Any pictures in the records below must be left out when you repeat the lines from the line containing "XX-Small Shirt, Short" through the line containing "Disney 90S VintagePOCAHONTAS半袖Tシャツ" exactly.

__Excerpted records__.

▼

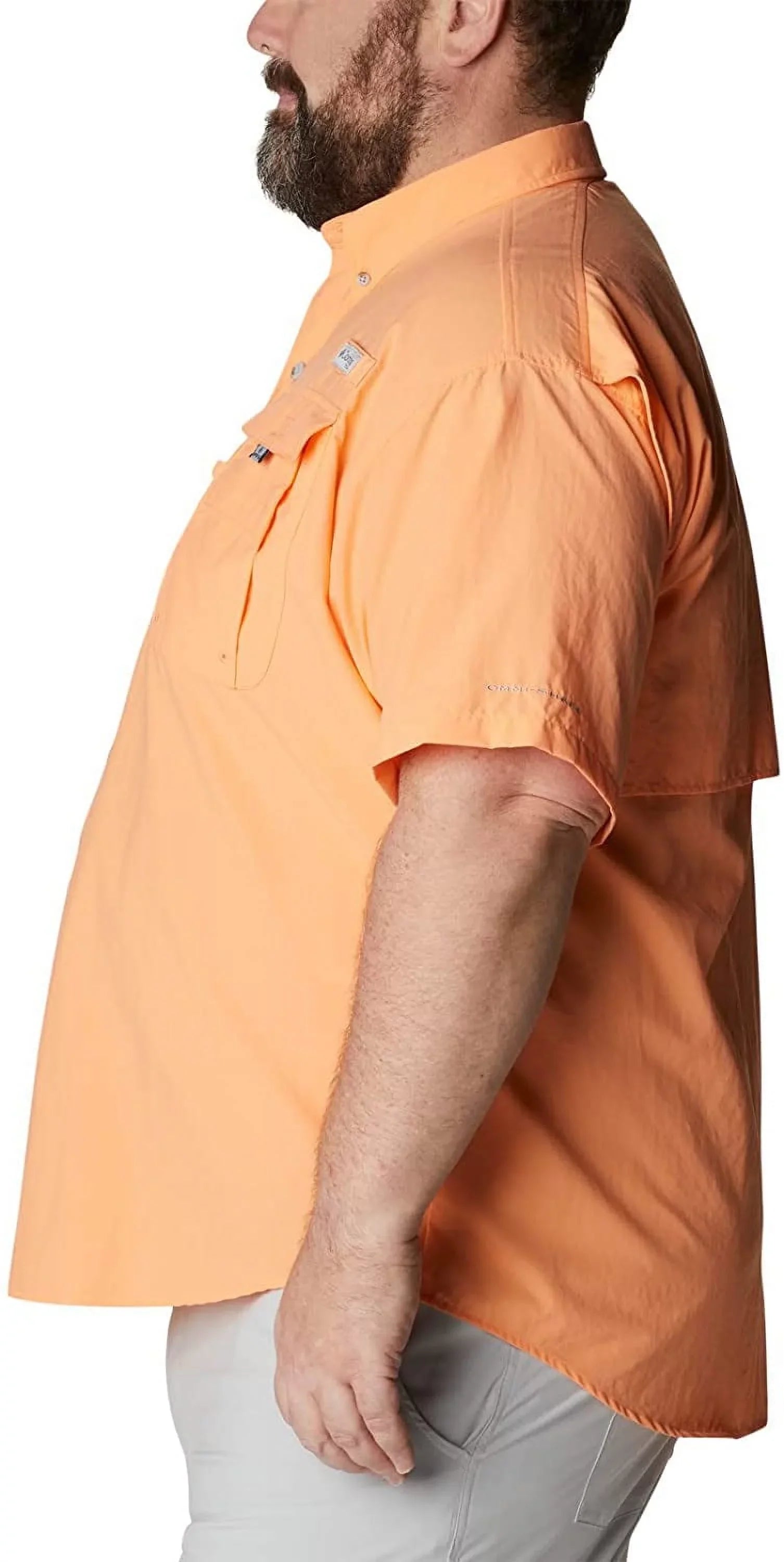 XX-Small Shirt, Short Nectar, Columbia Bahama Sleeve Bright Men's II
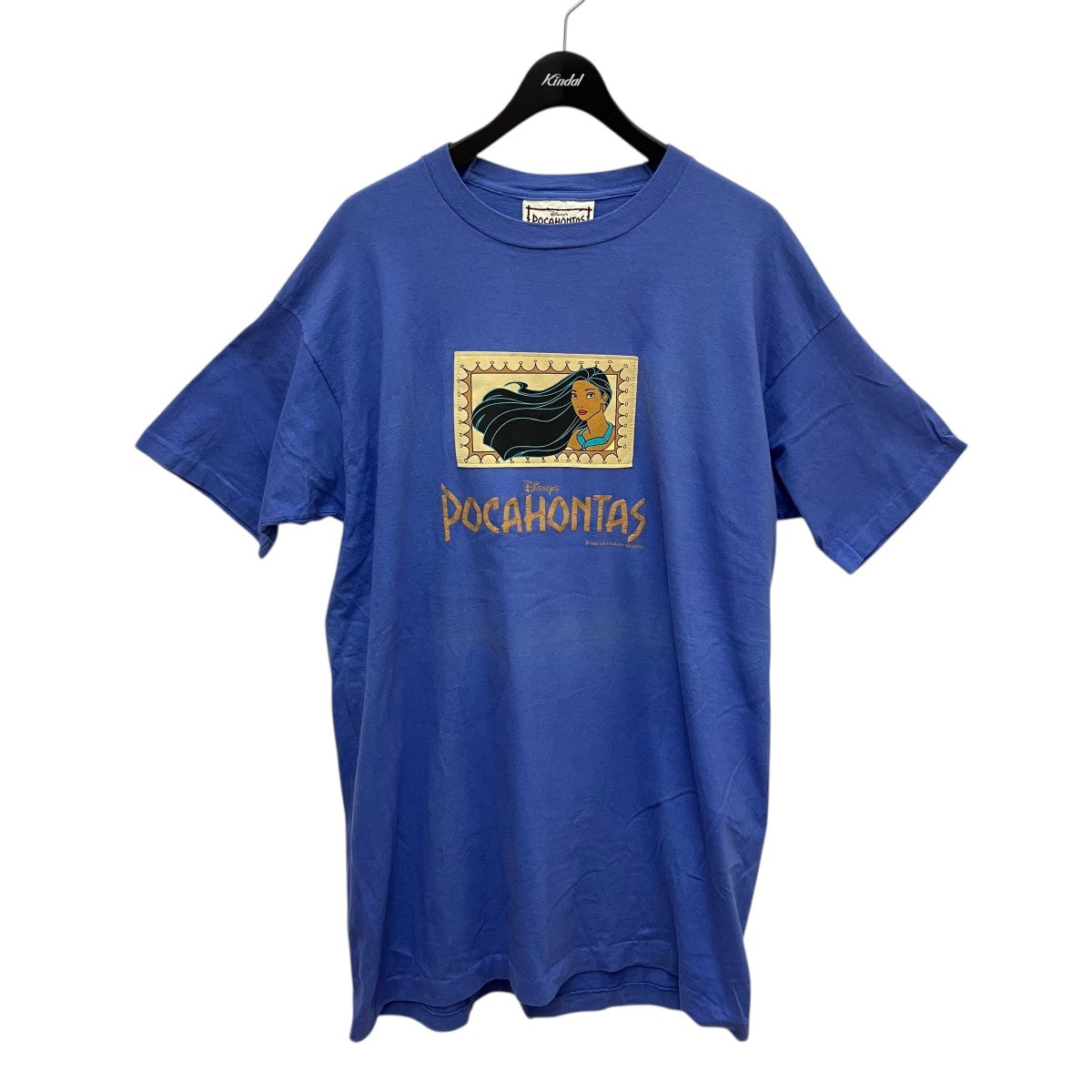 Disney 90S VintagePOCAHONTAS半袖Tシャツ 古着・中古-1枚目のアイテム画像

▲
▼

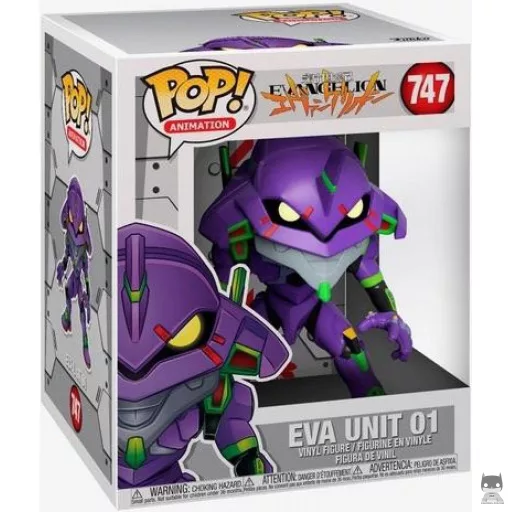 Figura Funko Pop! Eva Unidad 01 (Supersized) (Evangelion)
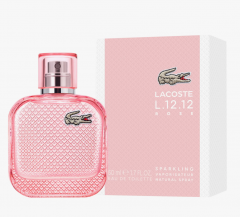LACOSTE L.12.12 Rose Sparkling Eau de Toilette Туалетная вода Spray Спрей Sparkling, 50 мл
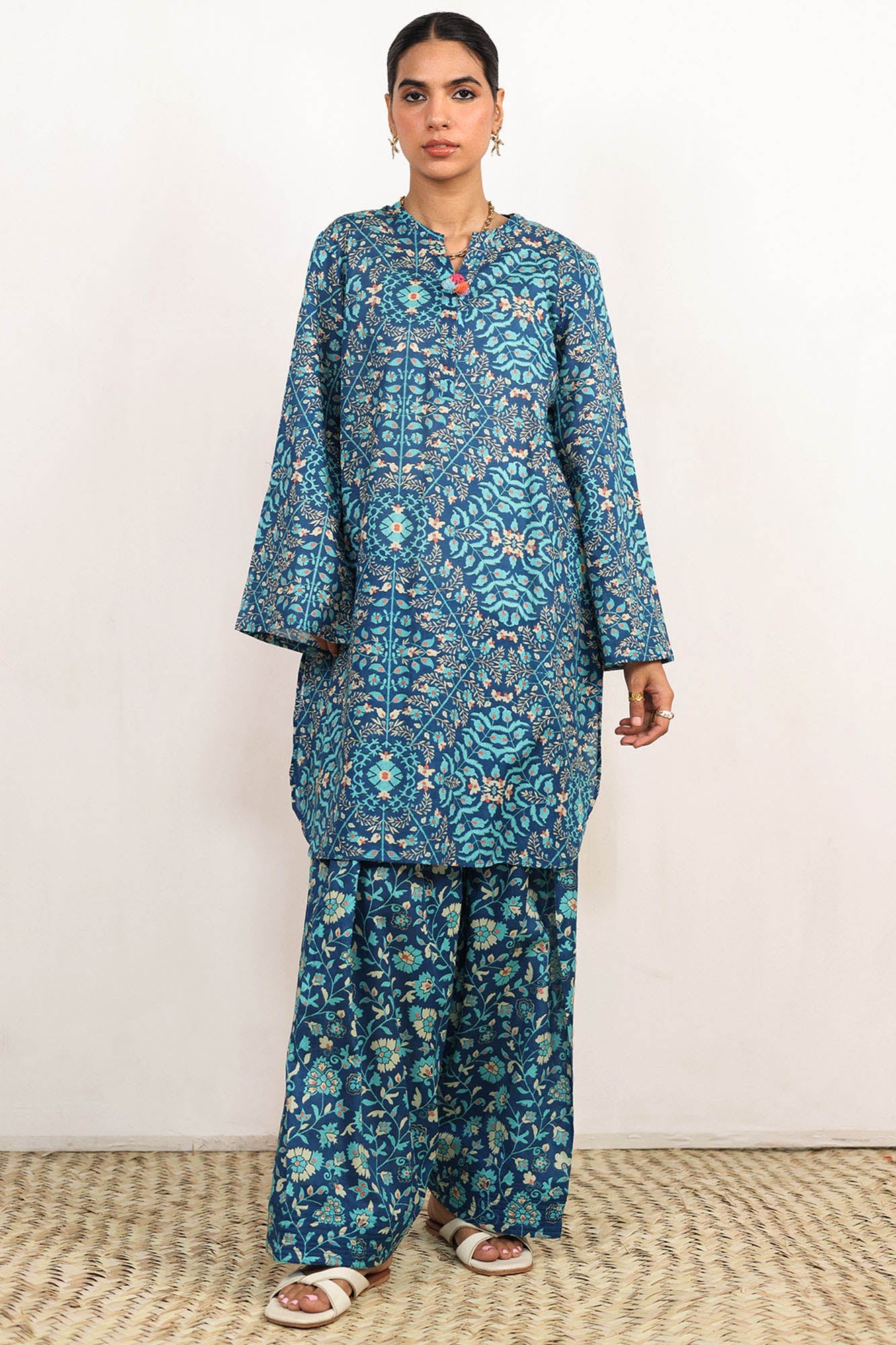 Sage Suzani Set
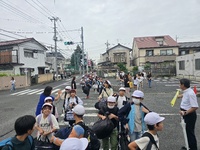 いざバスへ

▲

__Written answer__.
 XX-Small Shirt, Short Nectar, Columbia Bahama Sleeve Bright Men's II
 Disney 90S VintagePOCAHONTAS半袖Tシャツ 古着・中古-1枚目のアイテム画像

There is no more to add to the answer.